### Input material
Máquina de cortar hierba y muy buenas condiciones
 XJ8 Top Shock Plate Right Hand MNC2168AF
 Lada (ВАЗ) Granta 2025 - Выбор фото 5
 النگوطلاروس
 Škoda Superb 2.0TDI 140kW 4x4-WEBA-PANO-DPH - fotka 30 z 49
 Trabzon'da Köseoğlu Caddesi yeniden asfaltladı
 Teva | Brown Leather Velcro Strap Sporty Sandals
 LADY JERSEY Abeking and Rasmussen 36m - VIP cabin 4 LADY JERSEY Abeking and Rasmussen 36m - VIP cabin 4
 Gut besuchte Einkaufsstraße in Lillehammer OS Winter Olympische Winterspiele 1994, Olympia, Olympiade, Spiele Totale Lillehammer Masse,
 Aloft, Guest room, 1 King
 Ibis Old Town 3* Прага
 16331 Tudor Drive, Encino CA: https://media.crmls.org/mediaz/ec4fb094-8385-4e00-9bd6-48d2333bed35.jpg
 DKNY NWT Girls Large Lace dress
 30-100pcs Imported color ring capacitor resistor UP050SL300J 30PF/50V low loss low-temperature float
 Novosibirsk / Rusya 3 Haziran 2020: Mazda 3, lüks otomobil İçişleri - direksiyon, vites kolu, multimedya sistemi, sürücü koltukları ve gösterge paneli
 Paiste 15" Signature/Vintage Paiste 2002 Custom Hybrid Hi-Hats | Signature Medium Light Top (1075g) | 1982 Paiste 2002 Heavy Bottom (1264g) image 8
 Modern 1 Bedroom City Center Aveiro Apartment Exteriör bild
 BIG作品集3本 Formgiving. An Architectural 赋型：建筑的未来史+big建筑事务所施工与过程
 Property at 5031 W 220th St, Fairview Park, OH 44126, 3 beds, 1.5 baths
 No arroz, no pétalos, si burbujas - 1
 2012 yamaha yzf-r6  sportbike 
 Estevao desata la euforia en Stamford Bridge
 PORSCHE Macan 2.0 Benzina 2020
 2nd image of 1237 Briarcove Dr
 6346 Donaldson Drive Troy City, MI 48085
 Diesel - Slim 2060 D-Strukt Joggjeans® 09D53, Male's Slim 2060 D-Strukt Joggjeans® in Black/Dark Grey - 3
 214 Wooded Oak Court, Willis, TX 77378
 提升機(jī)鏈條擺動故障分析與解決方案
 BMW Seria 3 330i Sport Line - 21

### Problem to solve
Examine the records above and give the number of lines in which the string "City" appears, with no other words.

### Response box
2